L’ultimo vescovo proveniente da Venafro, mia patria, è stato Mons. Giuseppe del Prete, nel 1855, padre conciliare al Vaticano I nel 1870, ausiliare del perseguitato Mons. Gennaro Saladino, vescovo di Isernia e Venafro (1837-1861). Negli anni 1427-1465 Venafro ebbe tra i suoi vescovi Antonio Mancini, altro suo illustre figlio. Per precisione di cronaca devo nominare anche Mons. Gaetano Pizzi (1855-1921), di Miranda, canonico teologo della Cattedrale di Isernia, il quale nel 1908 fu nominato vescovo di Lacedonia e nel 1912 di San Severo. Quando un membro del presbiterio di una diocesi viene assunto all’Episcopato, non sono pochi quelli che, andando oltre quel timore e quella trepidazione che fanno “tremar le vene e i polsi” dell’eletto, parlano di “gioia” e di “onore”. Dovrò allora dire che, se è così, sono contento di averli potuti dare al nostro Vescovo e a tutti Voi, che porterò sempre e dovunque nel mio cuore.

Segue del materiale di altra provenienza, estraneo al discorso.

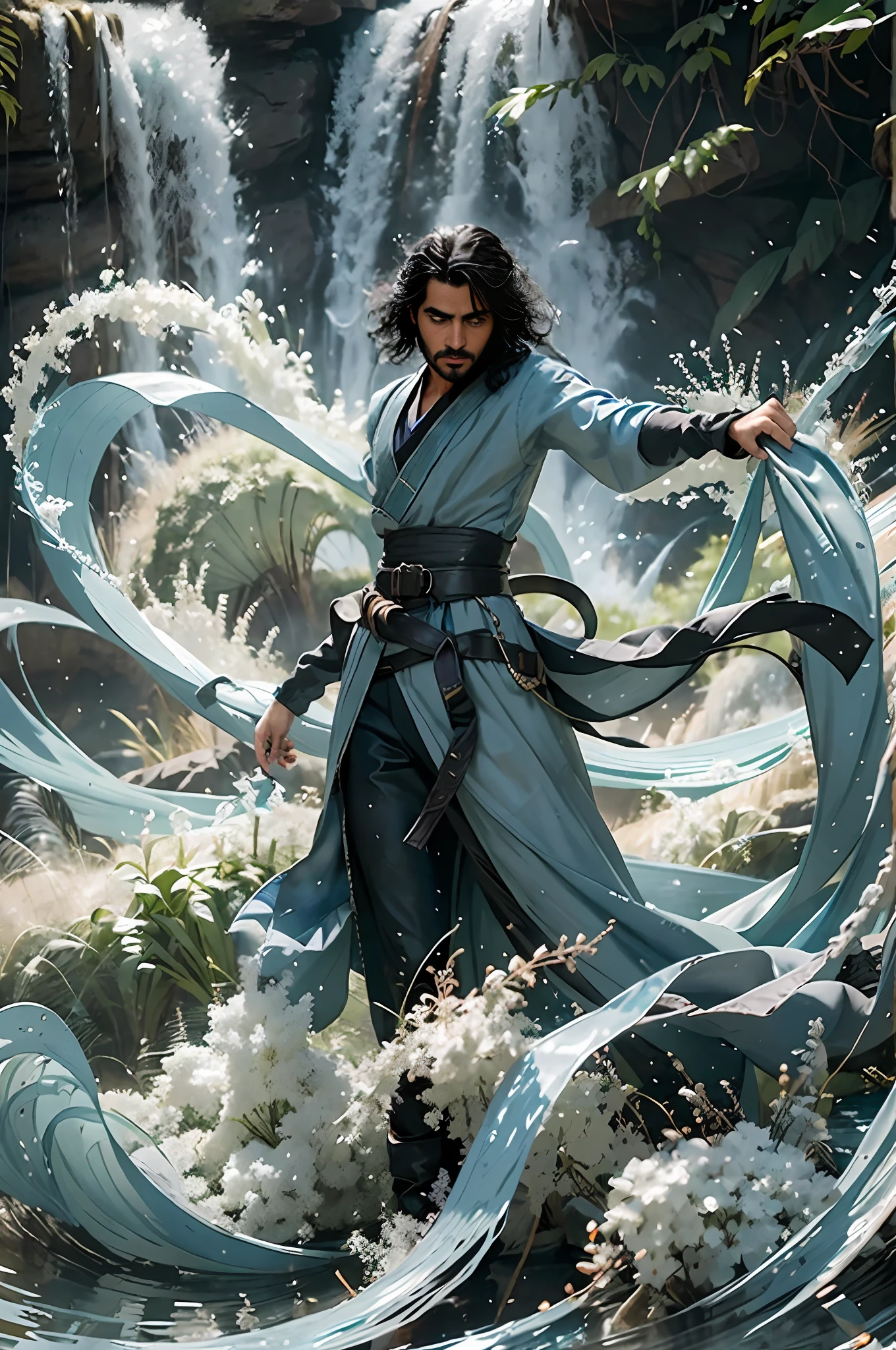 arafed man in a blue dress standing in front of a waterfall, fantasy movie still, still from a fantasy movie, fantasy character photo, handsome prince of persia, from netflix's arcane, maya ali as a d&d sorcerer, fantasy style 8 k octane render, film still from movie dune-2021, closeup fantasy with water magic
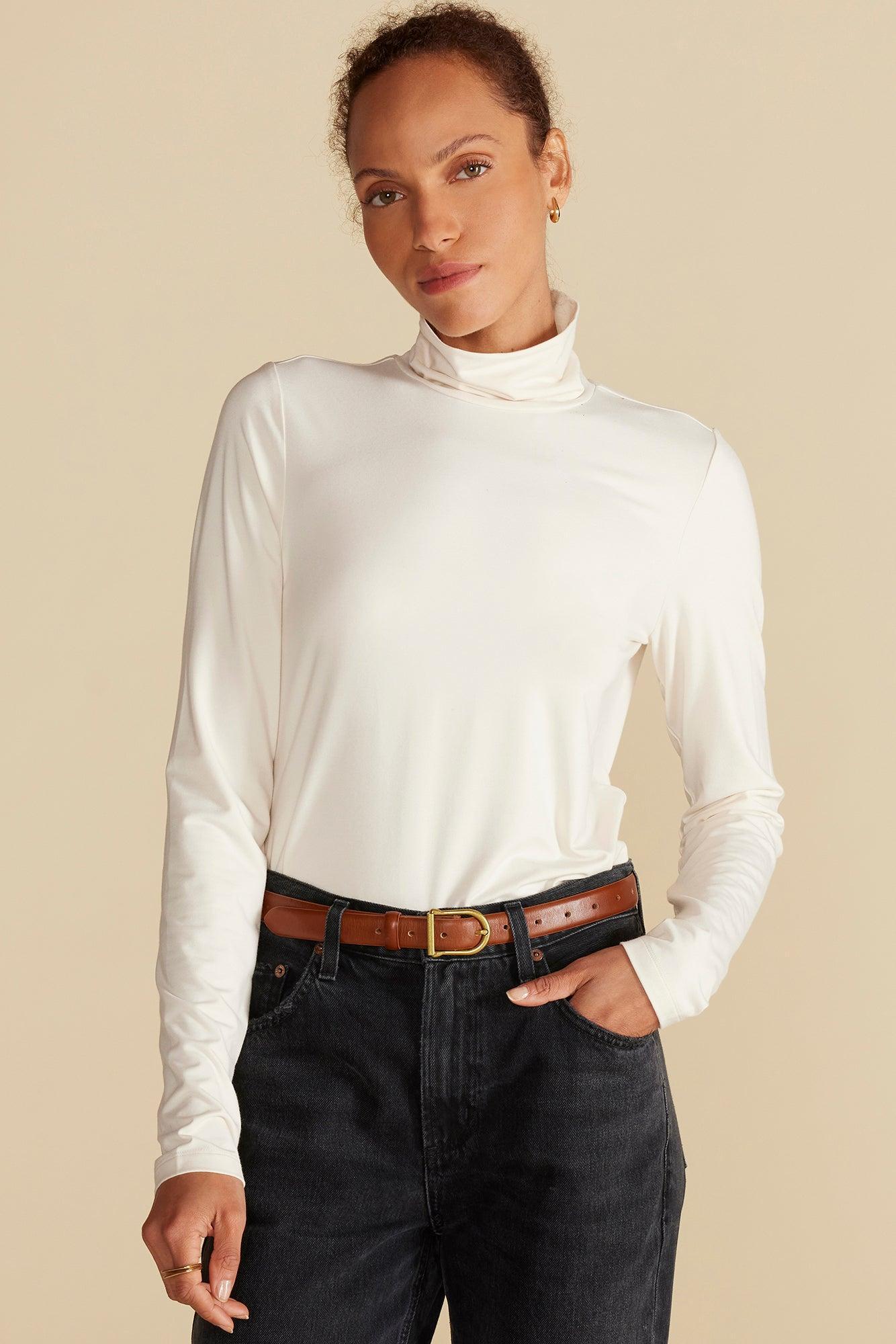 Flannery Bamboo Knit Turtleneck - Ivory Product Image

Ma ciò non basta per lenire il dolore del distacco da questa amata Chiesa di Isernia-Venafro, nella quale sono nato e sono stato generato alla fede, che ho cercato di servire negli svariati ambiti che mi sono stati assegnati e con tutte le mie forze, fino a condividerne la sollecitudine del governo pastorale accanto agli amati e venerati Vescovi Salvatore Visco, prima, e Camillo Cibotti, poi, che entrambi saluto, abbraccio e ringrazio per gli insegnamenti offertimi – di cui farò tesoro- e per la somma fiducia riposta in me. Per quanto mi riguarda, so che dovrò presiedere e servire. Preesse ac prodesse, diceva Sant’Agostino ai suoi fedeli di Ippona. Presiedere per servire la causa radiosa e ineguagliabile della maggior gloria di Dio e della salvezza delle anime, continuando il plurisecolare cammino della Chiesa triventina sempre «nuovi nella fedeltà e fedeli nella novità» e ogni giorno con la gioia dell’ «incominciamo adesso».

Per questo mi affido alle Vostre preghiere, come alla intercessione dei Santi Patroni Nicandro, Marciano e Daria, Cosma e Damiano, Pietro Celestino, mentre pongo fin d’ora il mio servizio episcopale sotto la stella della celeste protezione della Beata Vergine Maria. Ipsa propitia pervenis, cantava san Bernardo. Con Lei propizia giungerai alla meta. Mi sia propizia con l’ottenermi sempre la vera Luce del Suo Gesù e coprendomi sotto l’ampio Suo manto. Arrida, quale madre tenerissima, a me, e a ciascuno di Voi, come a quanti ogni giorno incontriamo sul nostro cammino ed ottenga a tutti la speciale benedizione che, Suo tramite, imploro sulla nostra cara Diocesi, affinché cresca sempre più in meriti e in numero.